This item was found on site during the restoration of New Lanark that began in the late 1970s. In comparing the design of bottles over the years it appears as though the date of the bottle is sometime during the late 1940s. The shape of the bottle was designed in the form of “BA BRU” who was featured in the long running cartoon strip that advertised the product, which began in 1930 until the early 1970s. Ba-Bru was inspired by the character of “Sabu” in Rudyard Kipling’s book “Sab: The Elephant Boy”.
During the 1830s, Robert Barr started a family business of cork cutting in Falkirk. In 1857, Robert’s son, Robert decided to start selling aerated waters (soft drinks) out of Glasgow. During the nineteenth century, Scotland had problems with poor sanitation due to the industrial revolution. As a result, soft drinks became popular as they were guaranteed to be a safe, quality drink for people.
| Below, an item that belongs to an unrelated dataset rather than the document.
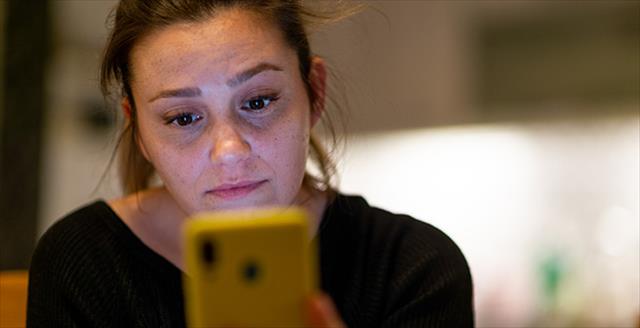 woman reading something on her smartphone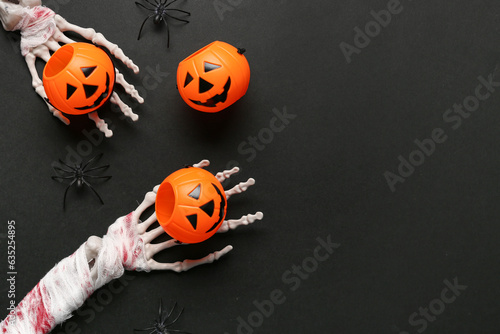Skeleton hands with pumpkins and spiders for Halloween celebration on dark background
Iron Brew was officially launched in 1901 and featured Adam Brown on the design label, who was a famous highland athlete from Shotts. The production of Iron Brew stopped during the second war as it was not a designated “standard drink” and as a result of shortages of raw materials, production temporarily shut down. With their re-launch in 1947, the brand also changed their name due to emerging food labeling regulations enforced by the Government and since the beverage was neither brewed nor made of Iron, they changed their name to IRN BRU.
Today, Scotland remains one of the only countries where IRN BRU is more popular than Coca Cola.